しかしながら、本件商標を付した申立人の商品が、我が国において、周知著名であったとは、以下の理由により認めることができないといわざるを得ない。
ア 売上高について
2011年における申立人商品のドイツ及び日本での売上は、当時のレート換算(111円/ユーロ)によれば、ドイツでの売上は、約2、55億円、日本では、約1,400万円程とさほどの額とも認め難く、かつ、これを客観的に認めうる証拠の提出もなく、他にこれを認めるに足る証拠も見当たらないことから、これを以て、引用商標が、申立人の商品に使用し、周知著名であったと認めることができない。
イ 日本における展示会への出展及びその他の広告については、2004年から2008年の8年間で14件の展示会に出展し、販売促進活動を行ったと主張し、各展示会と思われる小さな写真(乙5)やカタログ及びパンフレット(別紙D及びE)を提出しているが、乙5号証の写真のみでは、引用商標が全く判別できず、各展示会の規模が不明であり、展示商品も殆ど不明といわざるを得ないものであり、また、別紙D及びEのカタログ等においては、確かに引用商標を用いたプラスチック管・継手及び配管システムについての広告がなされたことは認めうるが、当該広告の規模が全く不明であるから、これを以て、引用商標が、周知著名であったと認めることができない。

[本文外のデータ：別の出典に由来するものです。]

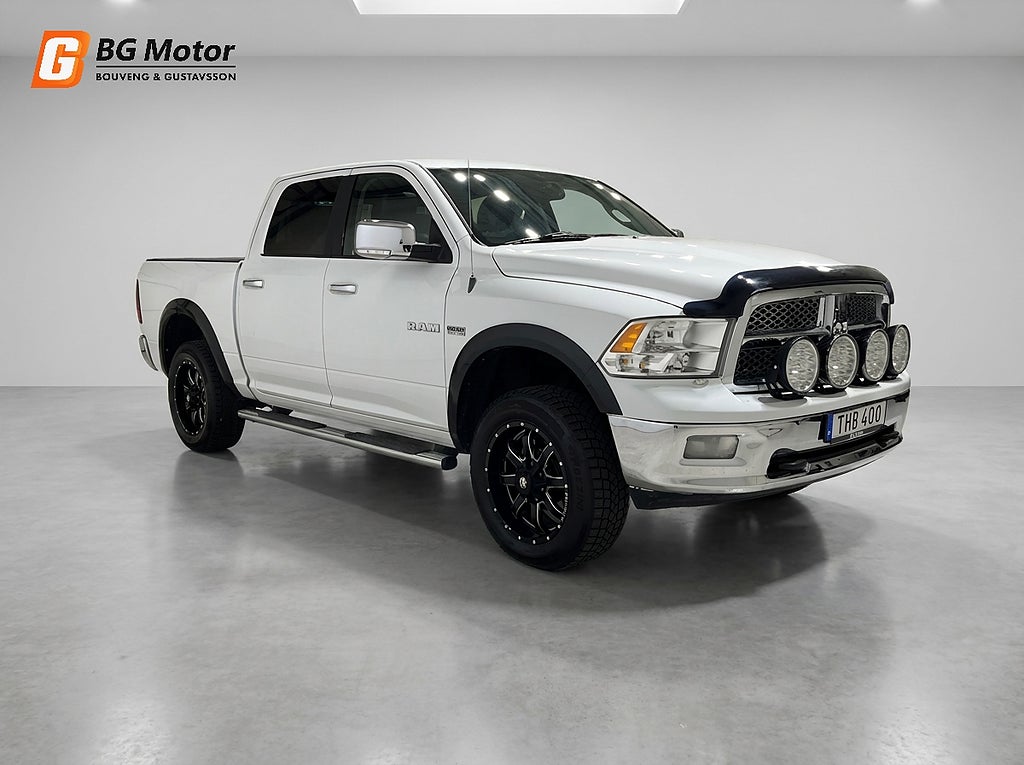 Dodge RAM 1500 1500 Crew Cab 5.7 V8 HEMI 395HK Laramie Höjd/Motorvärma
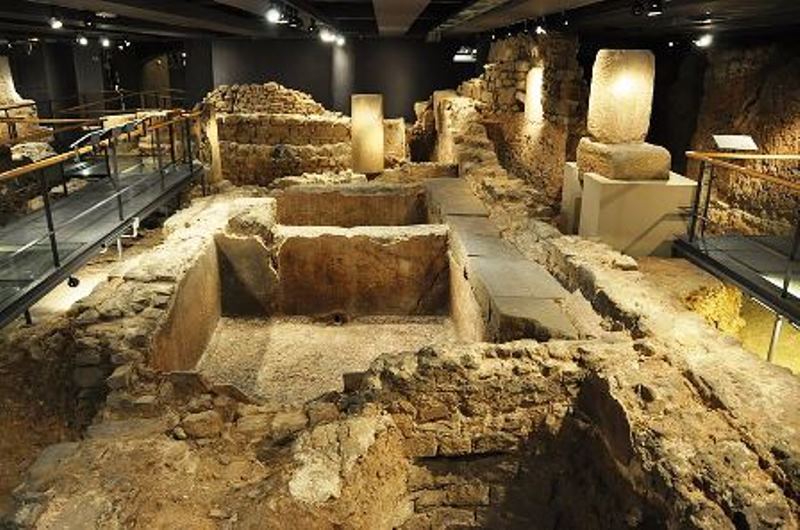 MUHBA Domus Avinyรณ underground Roman ruins in Barcelona Gothic Quarter, mosaics and ancient houses
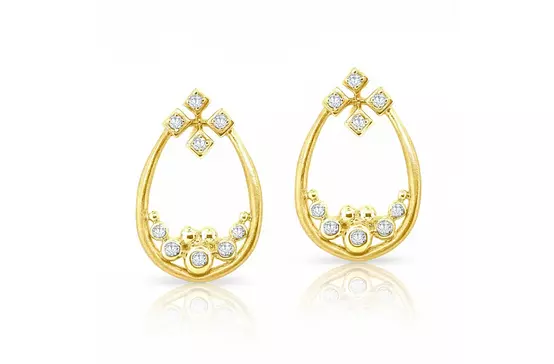 Rent Designer diamond earrings in yellow gold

ウ 日本における申立人商品の納入実績については、僅か4社の納入先が申立人商品の販売会社(株式会社フィットトヨックス)の陳述書(甲4)に記載されているのみであって、これを客観的に認めうる証拠の提出も無く、他にこれを認めるに足る証拠も見当たらないことから、これを以て引用商標が、申立人の商品に使用し、周知著名であったと認めることができない。
エ 申立人所有の168の商標については、別紙Aによれば、引用商標である「aquatherm」又はその大文字である「AQUATHERM」を含む申立人の出願登録商標と思われるが、これには、登録商標のみならず、出願中のものや拒絶のものも含まれているところ、これらの商標の存在があったとしても、引用商標が申立人の商品に使用し、周知著名であったことの証拠には必ずしもならないものであるから、これを以て引用商標が、申立人の商品に使用し、周知著名であったと認めることができない。
オ 広告宣伝費について、申立人は、雑誌において、2005年から2010年の6年間で計735.718,24ユーロが申立人の商品の広告宣伝に充てられたと主張しているが、当該雑誌が如何なる雑誌であるのか、発行国及び発行部数、発行日等の証左が全く無く、これを以て引用商標が、申立人の商品に使用し、周知著名であったと認めることができない。
カ 申立人は、2011年、申立人の商品が、メモ・イノベーション賞を受賞し、2010年には、コンサルタント会社のイノベーションランキングでトップにランクされたとか、さらに2011年12月には、最も優良な企業の「フォーブスリスト」に初めて入ったと主張するが、これらの主張の証拠(別紙G及びH)は、いずれも申立人のホームページ内の一コンテンツであって、国内外におけるメディアの間でどの程度扱われたのかを示す客観的な証拠の提出も無く、他にこれを認めるに足る証拠も見当たらないことから、これを以て引用商標が、申立人の商品に使用し、周知著名であったと認めることができない。
以上のア?カのとおり、申立人にかかる主張や提出にかかる証拠を以ってしては、少なくとも我が国において、引用商標が、申立人の商品を表すものとして本件商標の出願時及び査定時において周知著名であったとは、認めることができない。
してみれば、たとえ、両商標が類似であるとしても、引用商標が本件商標の出願時及び査定時において周知著名であったとは認められないことからすれば、商標権者が本件商標をその指定商品及び指定役務に使用しても、これに接する取引者、需要者をして引用商標を連想又は想起させるものとは認められず、申立人あるいは同人と経済的若しくは組織的に何らかの関係を有する者の業務に係るものであるかの如く、その商品及び役務の出所について誤認混同を生じさせるおそれはないものというべきである。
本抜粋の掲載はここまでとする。